If you're Aff, I think at some point the amount of offense and defense you read against a DA should take a backseat to comparative analysis. I am a lot more engaged in DA rounds where you are doing evidence comparison and analyzing what your evidence means for the possibility of the DA. I'm not all that interested in hearing VH1's Top 100 Link Turns of the Past DecadeTM.
CP's:
I genuinely don't have any dispositions against particular kinds of counterplans. Any question of the validity or fairness of reading X kind of counterplan should be resolved in a theory debate. In general, CP's need to explain what part of the Aff they solve, have a specific solvency advocate, and have some substantive debate about the solvency deficits to the perm.
One thing to note about me is that presumption flips Aff if you go for a CP. The same sentiment applies to K Alts.
K's:
Probably what I know best. My personal beliefs about a particular author/camp do not affect how I evaluate the round. Additionally, I'm not going to cut you any slack or fill in holes for you in your explanations just because I might happen to have read what you're talking about.
K's need specific links to the Aff. Poor analysis on the link debate on the part of the Neg almost always results on me voting Aff on the perm on the chance that it resolves the link and/or the K itself. The ideal block strategy on the link debate is to reference specific parts of the Aff (I encourage you to even quote their evidence) and directly citing their responses in CX. You do not need to read a lot of evidence with K's. You will get better speaks if you are a) very well organized and b) can explain to me specifically where the Aff goes wrong.

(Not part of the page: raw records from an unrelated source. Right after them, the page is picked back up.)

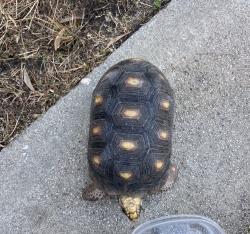 Reunited Female Reptile last seen Near Ridge Line Dr, San Bernardino, CA 92407, USA, San Bernardino, CA 92407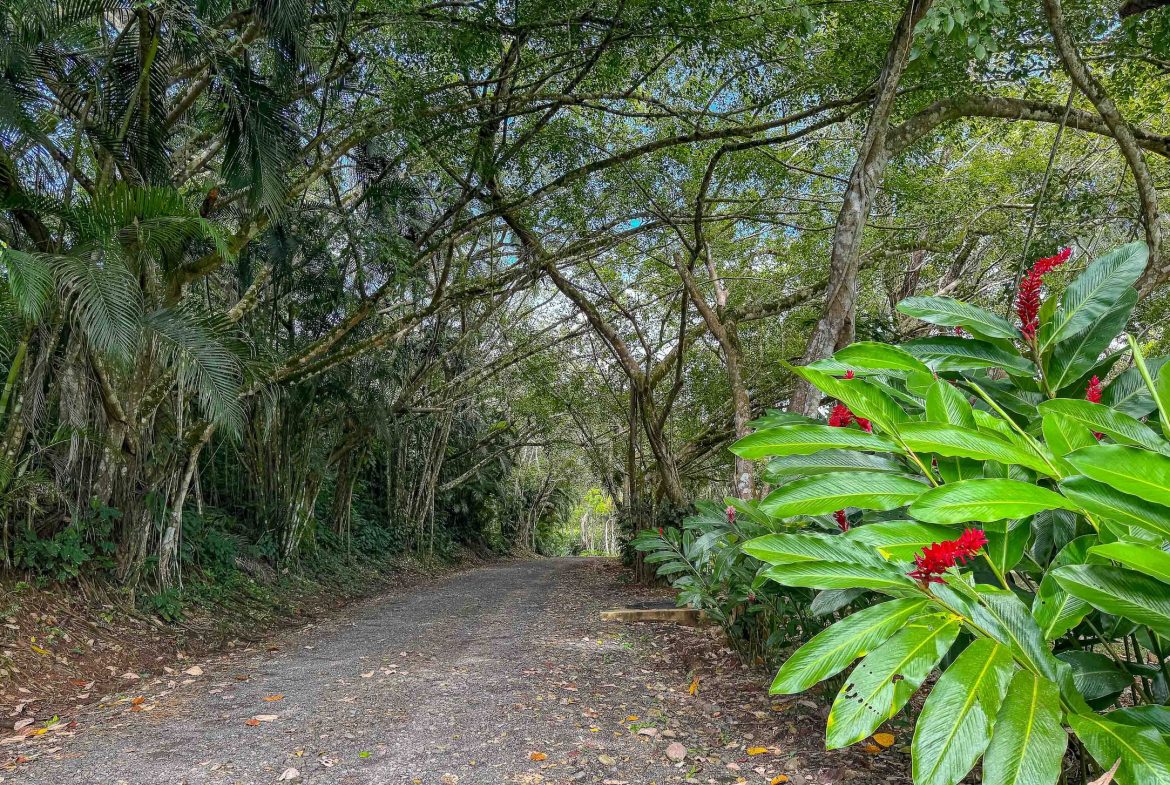 5 BEDROOM PLUS GUEST HOUSE IN BEJUCO NEAR PARRITA – 2.97 ACRES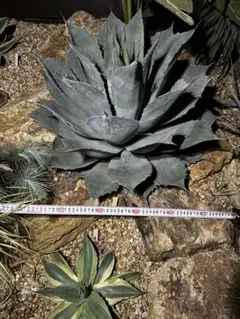 2026年最新】アガベ モンタナの人気アイテム - メルカリ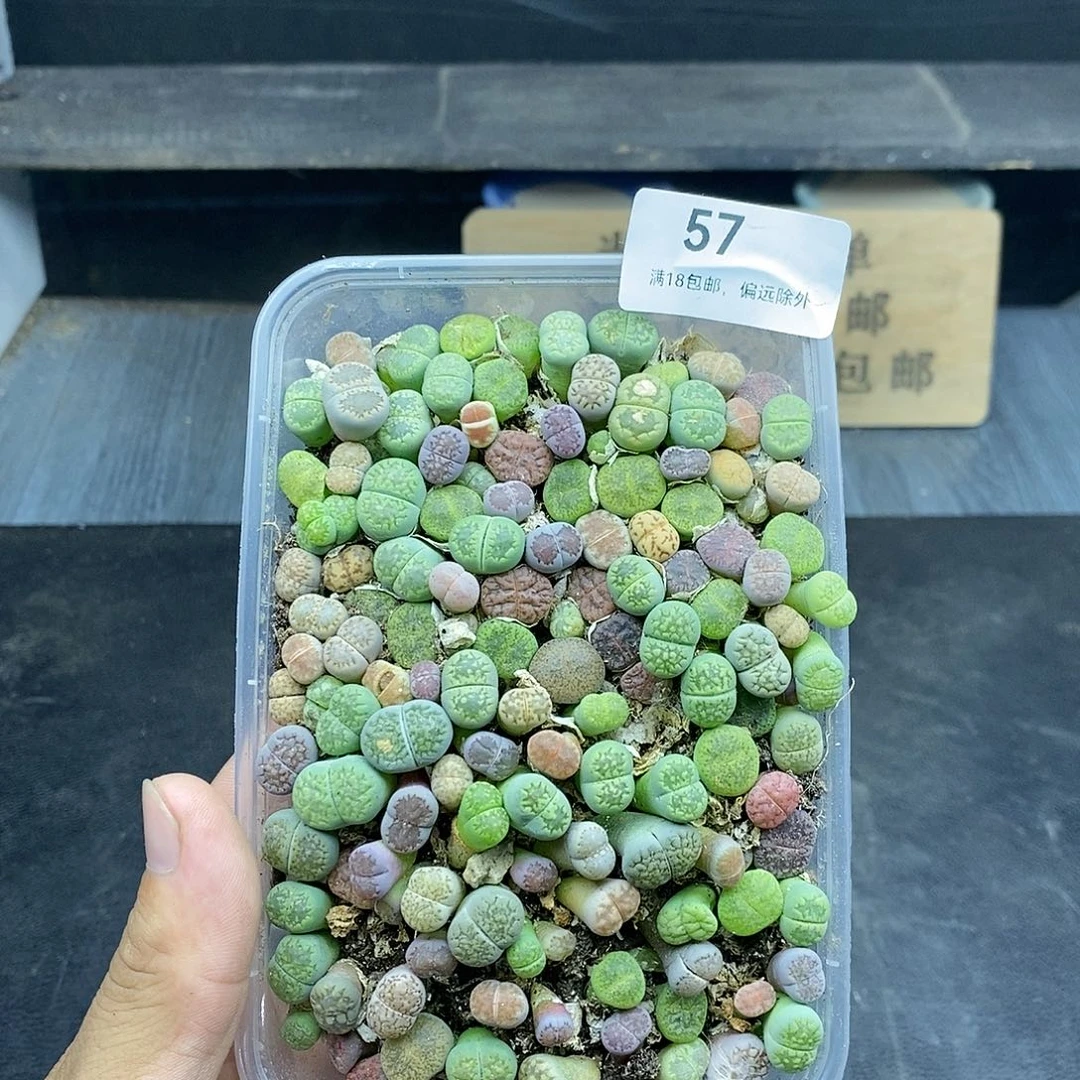 红陶20CM（含）-50CM（不含）57
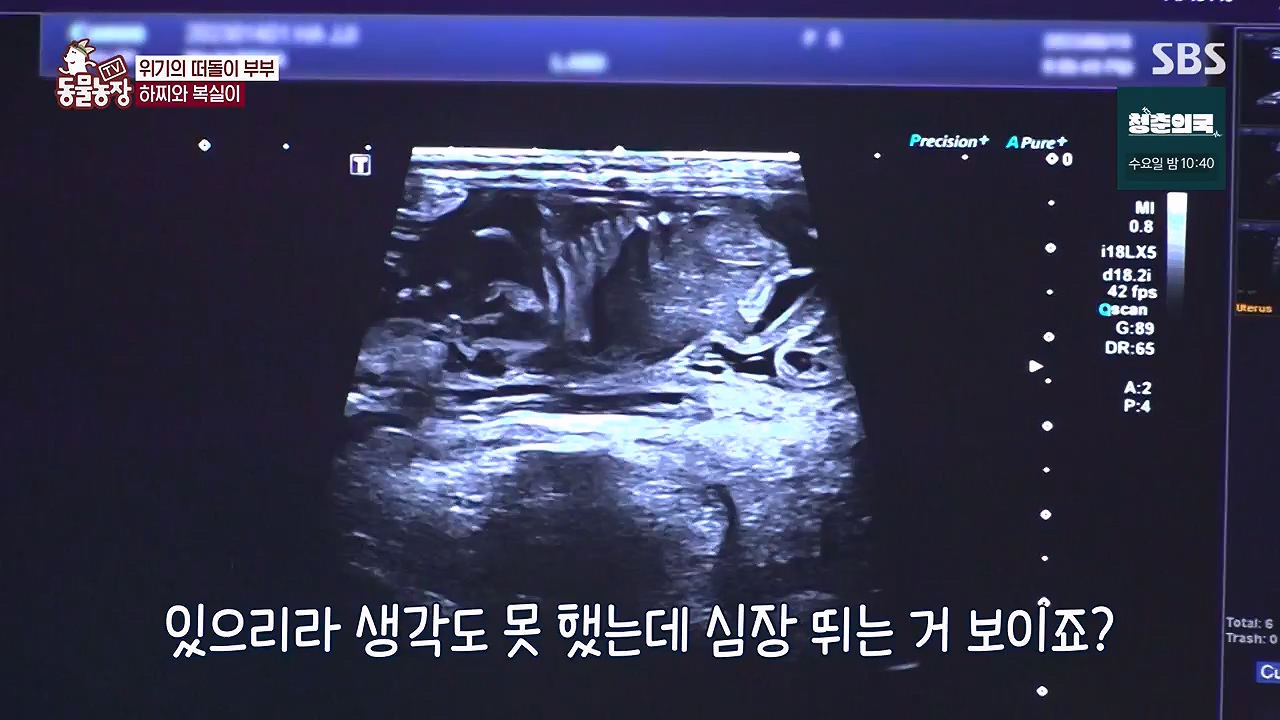 TV 동물농장.E1138.230918p-NEXT.mp4_20230917_174231.526.jpg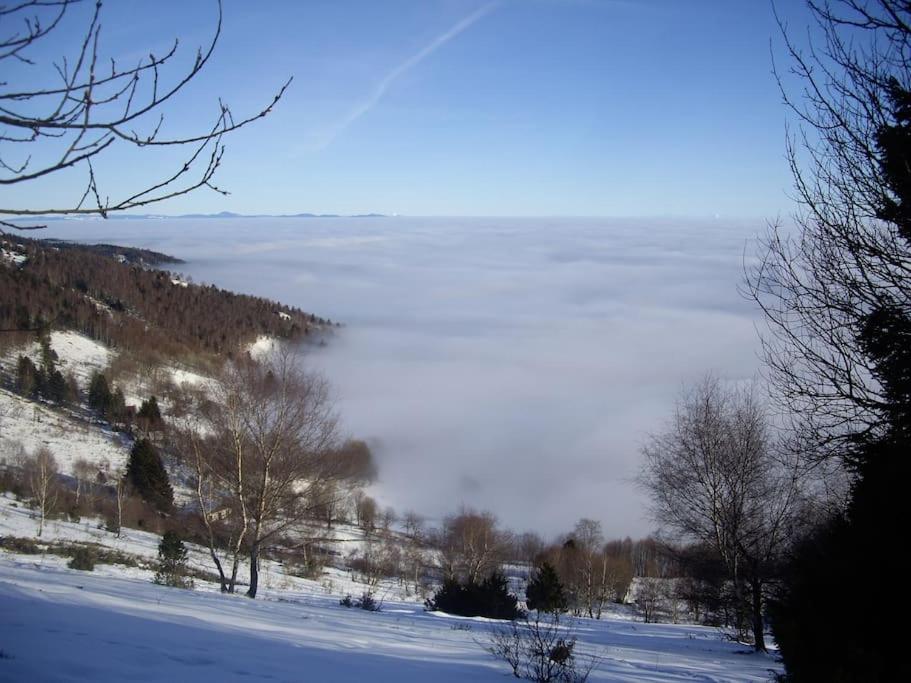Un Coin De Montagne Appartement Linthal Buitenkant foto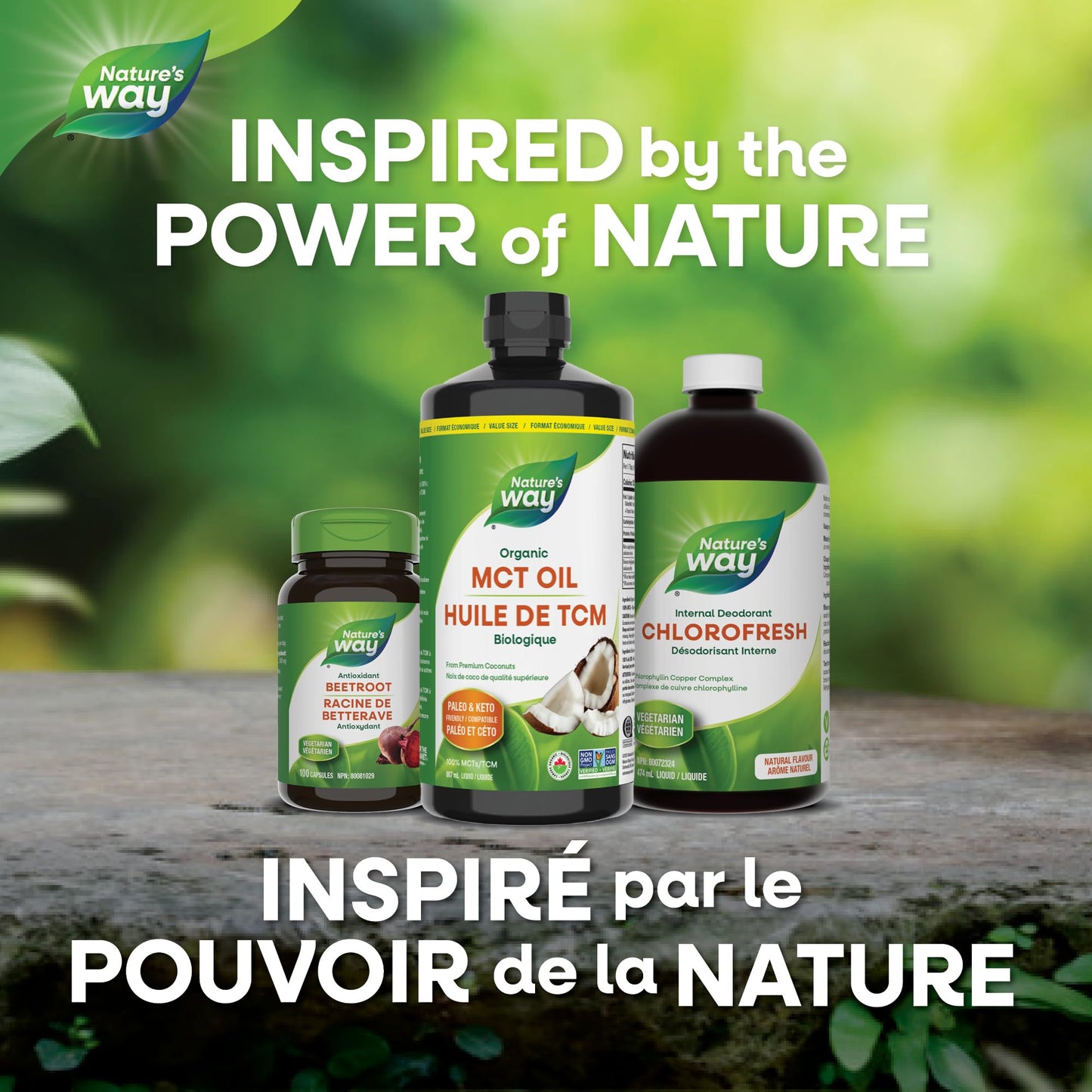 Nature's Way 100% Pure MCT Oil From Coconut – 14g MCT Per Serving – Paleo and Keto friendly – Certified Organic – Non-GMO Project Verified – Vegetarian, Gluten-free, & Flavourless – 887 mL, Value Size Nature's Way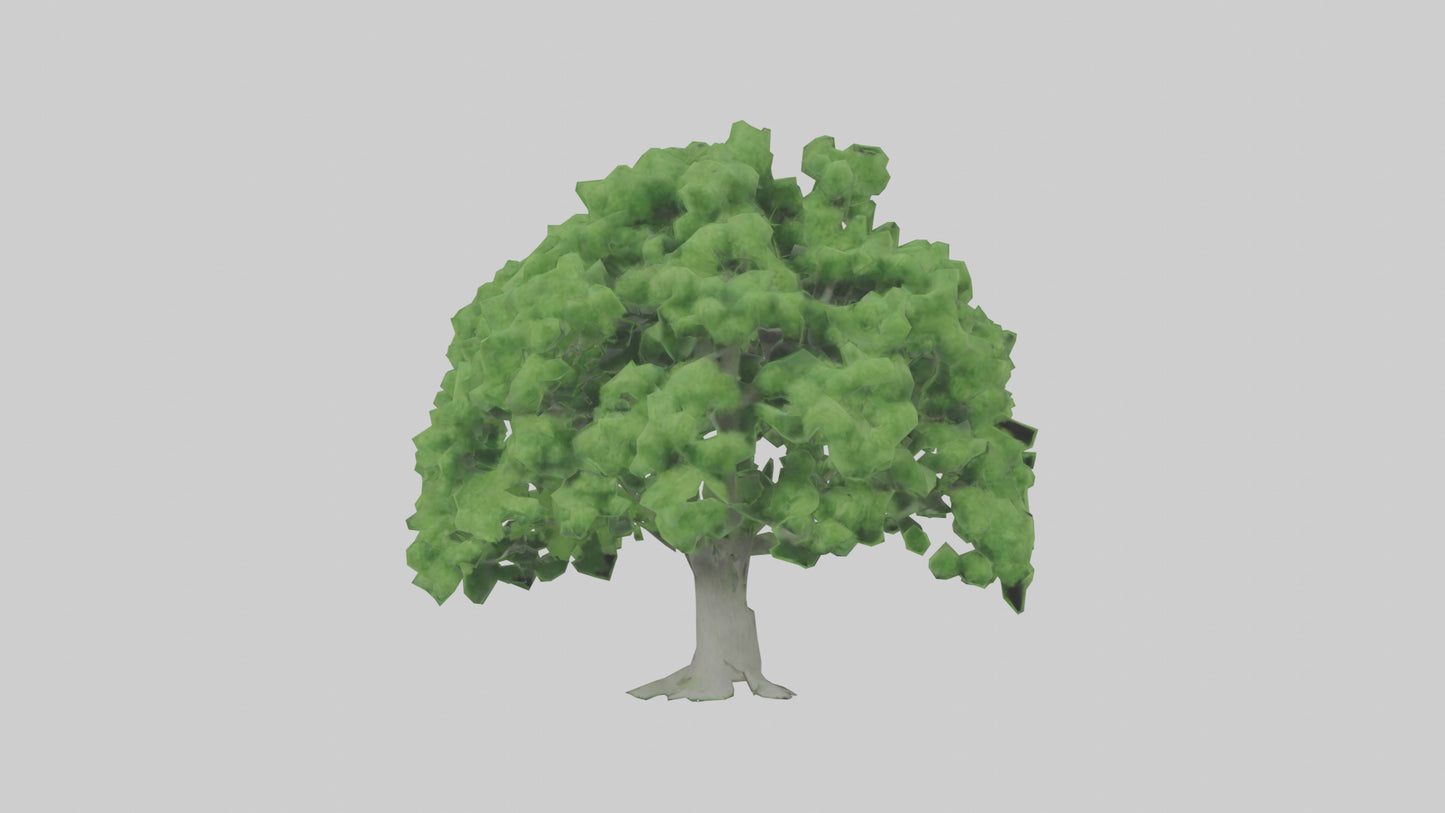 3D model Green Ash tree model VR / AR / low-poly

Alts are usually terrible. I need to know what I'm voting on. Like I said above, presumption flips for me if you go for the K in the 2NR. If I don't even know what your alt does, you are risking me voting on presumption. While I don't flow CX, they are still ethos moments. If you sound like you don't know what you're talking about, I'm less likely to buy your alt.
Aff's should obviously try to read no link arguments, but it's in your interest to sit on the alt debate. Explain to me clearly how the permutation works, is justified, and resolves the link. Explain to me why the alt fails.
I don't have any predispositions about kinds of K's, so, like CPs, resolve any validity/fairness claims via theory. Make it apparent to me that the K is a floating PIK in the block, not the 2NR.
K Affs:
Cool with me. Although, I prefer K affs to intersect with the topic in some way. Two biggest problems I see with K affs: 1) I don't really understand what you are advocating and 2) I don't understand how your advocacy resolves the impacts outlined in the AC.
Framework:
Reading a TVA is in your interests if you're Neg. You need to explain how your version of the Aff's advocacy would resolve the violation and why it's good for fairness/education (whatever you're going for). You have a much better chance winning on Neg if you are able to turn the Aff's offense in the AC with your standards.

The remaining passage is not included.